┌────────

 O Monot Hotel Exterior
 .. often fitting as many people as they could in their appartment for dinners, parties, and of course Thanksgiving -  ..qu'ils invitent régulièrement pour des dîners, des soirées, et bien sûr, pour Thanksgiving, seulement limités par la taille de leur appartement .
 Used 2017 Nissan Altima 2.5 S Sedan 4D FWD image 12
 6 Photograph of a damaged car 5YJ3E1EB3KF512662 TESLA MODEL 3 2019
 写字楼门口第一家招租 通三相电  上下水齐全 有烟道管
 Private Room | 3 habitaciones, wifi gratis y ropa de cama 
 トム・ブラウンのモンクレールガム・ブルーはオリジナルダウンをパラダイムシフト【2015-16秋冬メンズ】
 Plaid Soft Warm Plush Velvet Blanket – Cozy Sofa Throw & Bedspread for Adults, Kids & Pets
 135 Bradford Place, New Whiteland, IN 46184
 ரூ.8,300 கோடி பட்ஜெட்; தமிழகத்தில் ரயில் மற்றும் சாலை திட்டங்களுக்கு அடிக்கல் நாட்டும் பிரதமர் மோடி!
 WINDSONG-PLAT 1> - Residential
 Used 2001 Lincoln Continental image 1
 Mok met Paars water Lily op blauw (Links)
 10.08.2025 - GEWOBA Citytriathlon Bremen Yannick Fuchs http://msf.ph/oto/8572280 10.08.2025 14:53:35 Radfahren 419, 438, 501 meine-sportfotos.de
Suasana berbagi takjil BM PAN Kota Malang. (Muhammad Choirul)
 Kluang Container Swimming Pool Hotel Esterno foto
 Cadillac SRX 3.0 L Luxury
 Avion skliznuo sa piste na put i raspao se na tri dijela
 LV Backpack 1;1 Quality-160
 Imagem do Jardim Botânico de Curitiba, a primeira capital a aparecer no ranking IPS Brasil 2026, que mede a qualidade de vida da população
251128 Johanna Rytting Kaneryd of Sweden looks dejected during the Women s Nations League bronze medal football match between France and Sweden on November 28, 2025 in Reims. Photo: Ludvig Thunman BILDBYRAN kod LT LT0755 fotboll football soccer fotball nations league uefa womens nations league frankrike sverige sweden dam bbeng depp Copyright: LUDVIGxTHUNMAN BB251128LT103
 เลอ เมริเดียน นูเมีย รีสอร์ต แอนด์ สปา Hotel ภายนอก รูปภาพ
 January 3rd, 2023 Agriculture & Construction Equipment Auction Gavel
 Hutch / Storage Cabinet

└────────

= Exercise requirements =
Each line in the records that carries "Hotel" must be copied out.

= Exercise answer =
 O Monot Hotel Exterior
 Kluang Container Swimming Pool Hotel Esterno foto
 เลอ เมริเดียน นูเมีย รีสอร์ต แอนด์ สปา Hotel ภายนอก รูปภาพ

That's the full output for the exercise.